I don’t care anymore. I got nuthin’. Got kicked out the fuckin’ call centre for too many sick days, got beat by my psycho fuckin’ foster dad, got no cash, nowhere to go. Just hopin’ to meet up wiv muh mates here, see if they can help out, y’know, and now I got this shit to deal wiv. Might as well get the police up ‘ere, probably going to end up in prison sooner or later anyways, know what I’m sayin’? 

“Alright, I will,” dis joker says, all smugly. “I will call them, then. You stay there, mate.” An’ ‘e’s on the phone to ’em.

It will be a bloody relief handing this over to the old bill, I don’t mind telling ya! I don’t know what to do with this poor sod. I mean, I know he’s meant to be hit with a fine and all the rest of it, but when he clearly can’t pay, is obviously up shit creek in one way or another, I don’t know what I’m meant to do. At least the coppers should have some clue. If the tosser had just said he’d pay the fine when it came in the post and left it at that without getting all shirty, I’d send him on his way and have done with it. I mean, just for my bloody sake, why not just take the damn fine and get on your way, you know? Save us both all this rigmarole.

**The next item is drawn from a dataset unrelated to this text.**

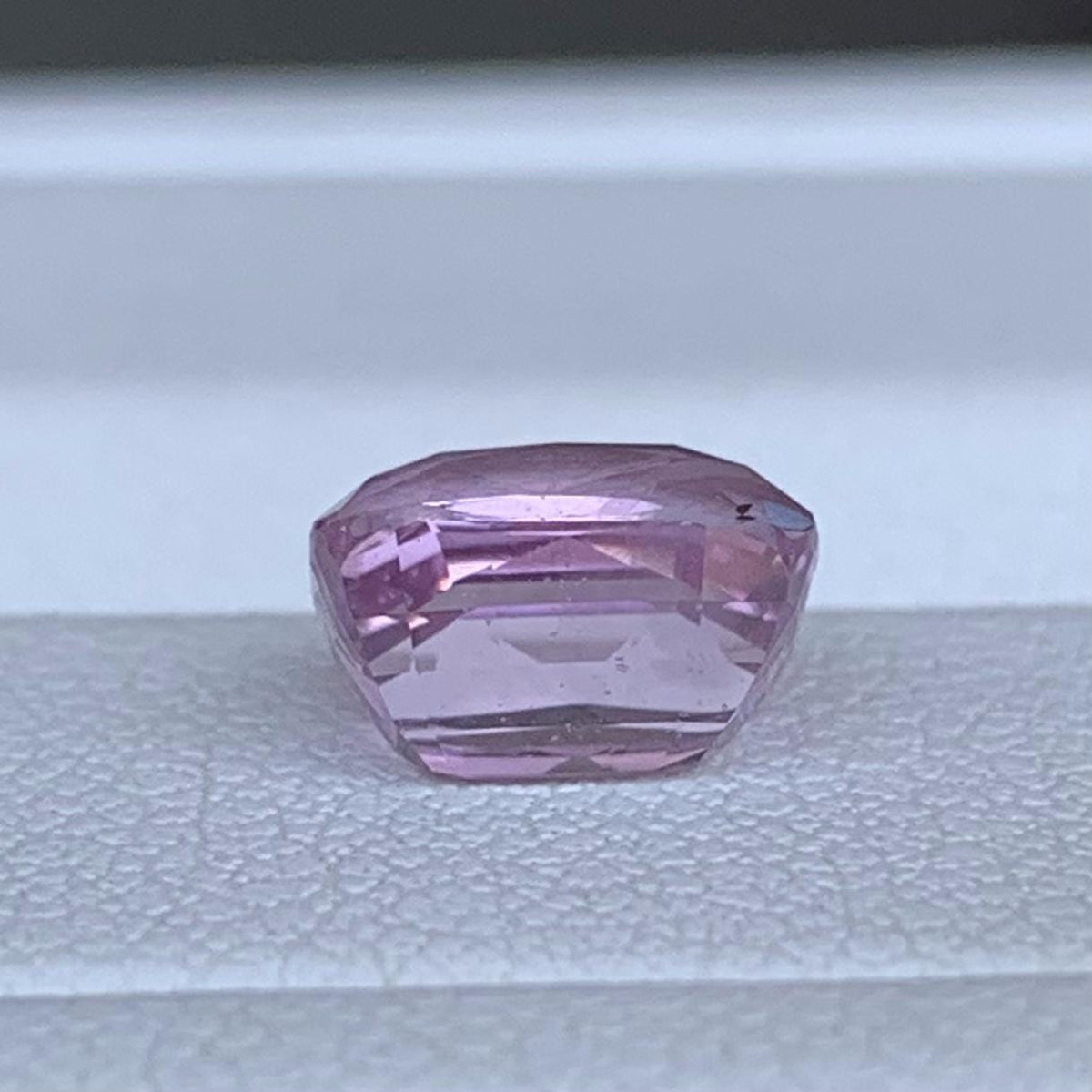 Pink Sapphire Natural Unheated  Cushion Cut Pink Sapphire Gemstone for Fine Jewelry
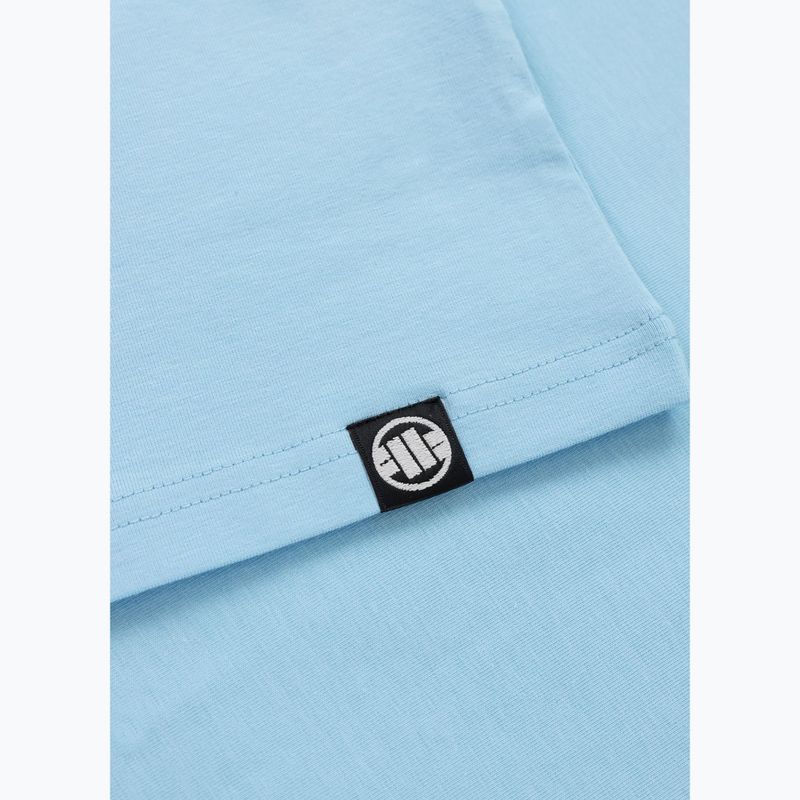 Футболка чоловіча Pitbull Minimal light blue 8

Shouldn’t’a told ‘im, man. Shouldn’t’a told ‘im I couldn’t pay the fucking fine, y’know? I just panicked though, thought I don’t even know what my address is going to be or if I’m gonna have one. Might end up on the streets again, know what I’m sayin’? Couldn’t give ‘im my foster dad’s place, ‘e would flip the fuck out if ‘e got that shit through ‘is door. I’d be fuckin’ dead meat, you get me? And now this tosser’s on the phone to the police an’ I might as well just go with ’em, you know what I’m sayin’? No fuckin’ hope for me anywhere else. But then, yeah, there’s all these people comin’ off a train or whatever, all walkin’ down the platform and the guy, yea, well, ‘e’s wandered off a bit. This load a people come between us and he’s gettin’ distracted as ‘e hangs up the phone and people’s asking ‘im questions an’ stuff, y’know. And, I swear down, I dunno what fuckin’ comes over me but, man, I fuckin’ leg it. Well, not leg it ‘xactly, but sorta slip away, ‘ead down, quick walk, blendin’ in wiv the crowd and that, y’know? I’m right up close be’ind this woman in front, sorta fit but uptight-looking posh bird, y’know, an’ she’s in such a hurry like all those office types, she don’t even notice me run through the gates right on ‘er tail as they open for ‘er ticket. Some station bod catches me, must be, like, out the corner of ‘is eye though, cos there’s this confused sorta stammer out ‘is mouth, like ‘e ain’t sure of ‘imself, an’ then, when I’m practically at the door, ‘e’s shoutin’ after me. I think I can ‘ear the guy who was on the phone to the police too, y’know, but they’re both way be’ind me now, man. I’m out. I’m free. I fuckin’ did it! New city, new life, new me, y’know what I’m sayin’? Freedom, man. Just gotta find someone t’ gimme a hand gettin’ started, like, yea.